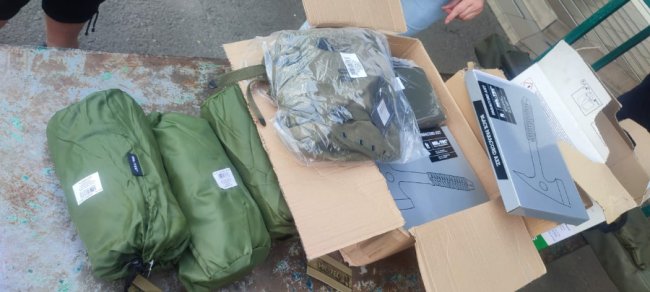 Через «Устилуг» намагались приховано провезти 32 ножі та спецодяг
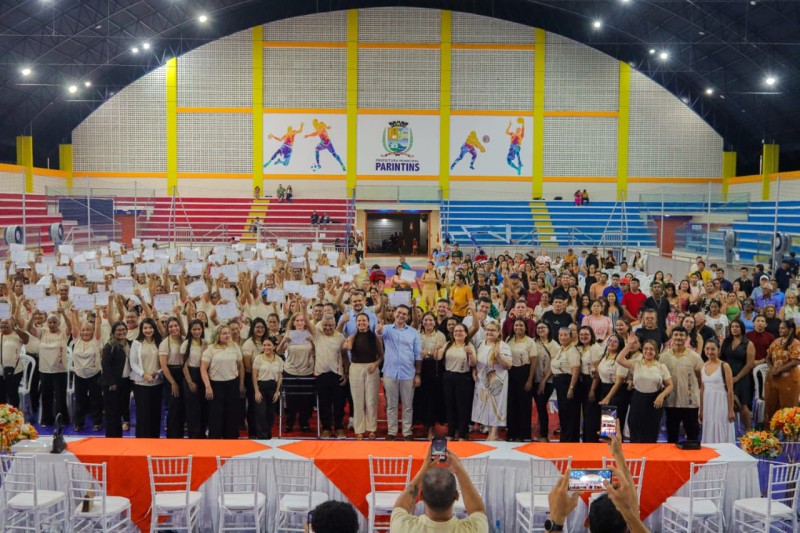 Prefeitura de Parintins certifica 214 alunos do Programa Brasil Alfabetizado e reforça compromisso com a educação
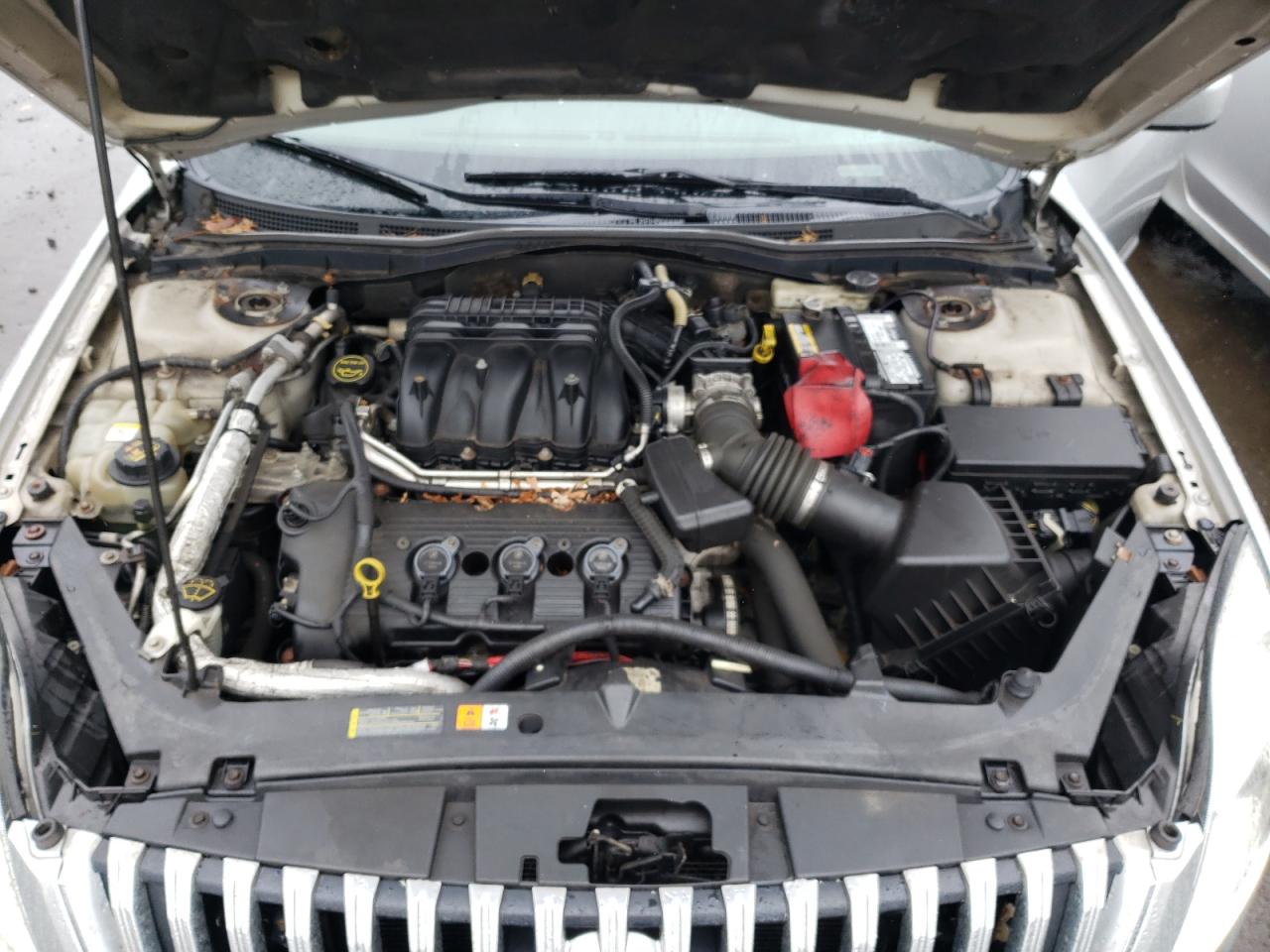 Photo 7 from auction – 2010 MERCURY MILAN PREM with VIN 3MEHM0JG5AR653054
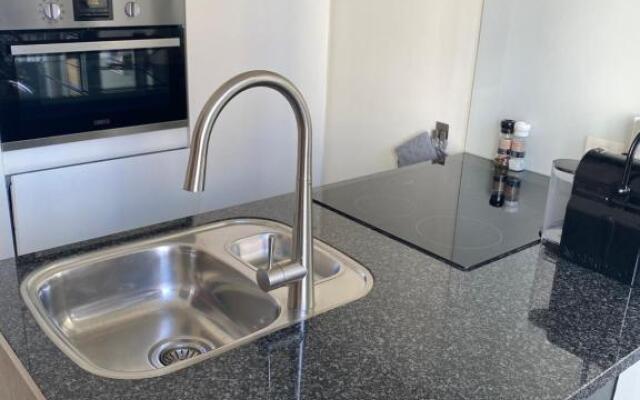Luxury Center Apartment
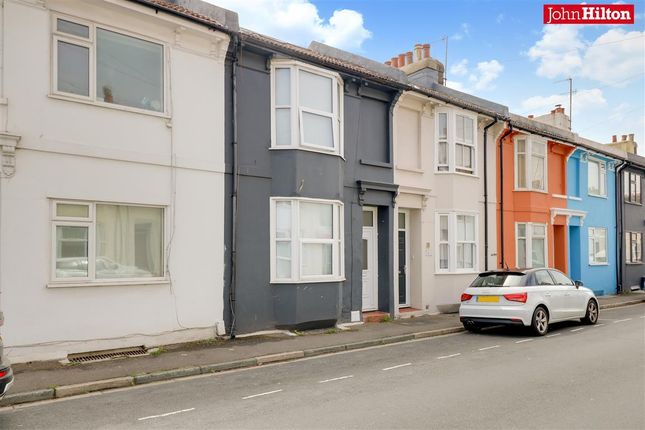 6 bed property, in Park Crescent Road, £450,000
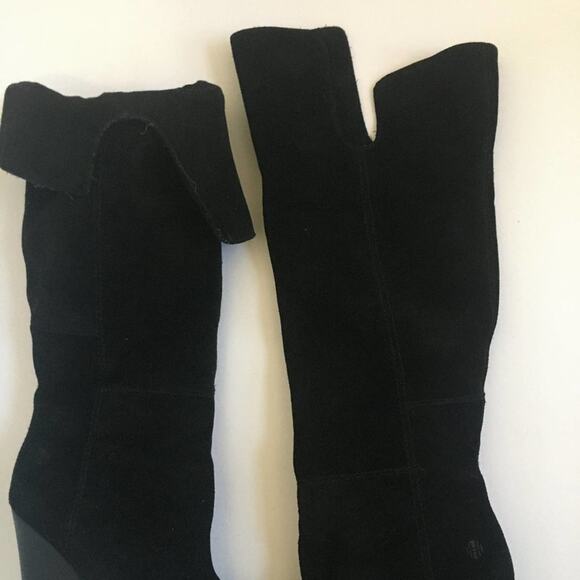 House of Harlow Sillia  Suede Wedge Boot - Picture 3 of 6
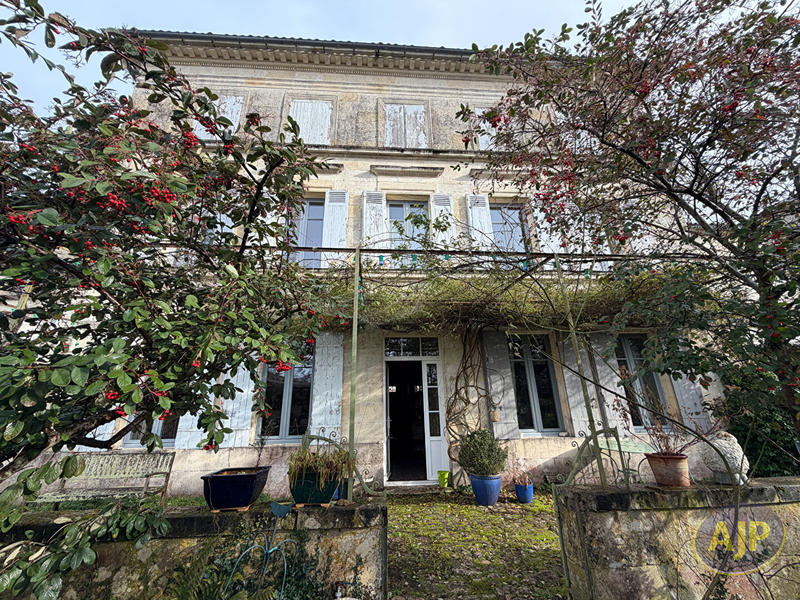 Maison - 278 m² - 9 pièces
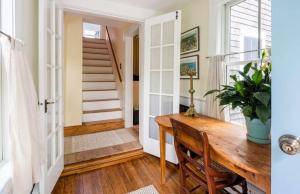 Ảnh trong thư viện ảnh của 5 Min Walk to Town Patio Yard & A C ở Provincetown +30 ảnh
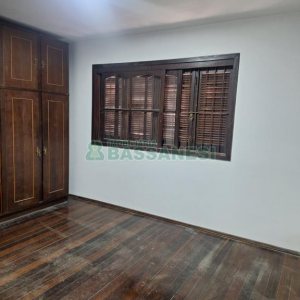 Casa com 110m², 3 dormitórios, no bairro Cinqüentenário em Caxias do Sul para Alugar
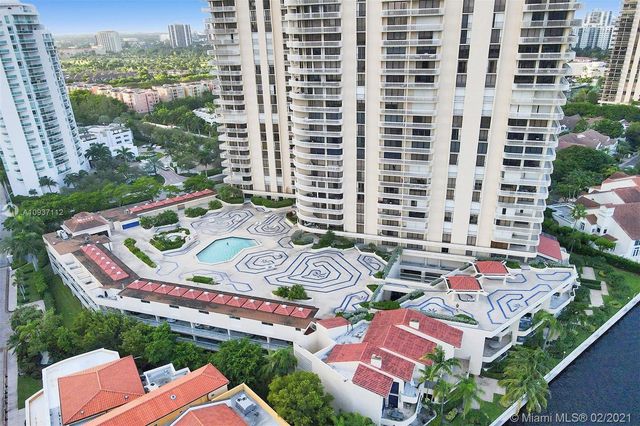 $1,000,000 | 19355 Turnberry Way, Unit 20GR, Aventura, FL 33180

+++

Please output, exactly as written, the lines above from the one holding "6 bed property, in" through the one holding "Ảnh trong thư", both included, with the pictures omitted.

 6 bed property, in Park Crescent Road, £450,000
 House of Harlow Sillia  Suede Wedge Boot - Picture 3 of 6
 Maison - 278 m² - 9 pièces
 Ảnh trong thư viện ảnh của 5 Min Walk to Town Patio Yard & A C ở Provincetown +30 ảnh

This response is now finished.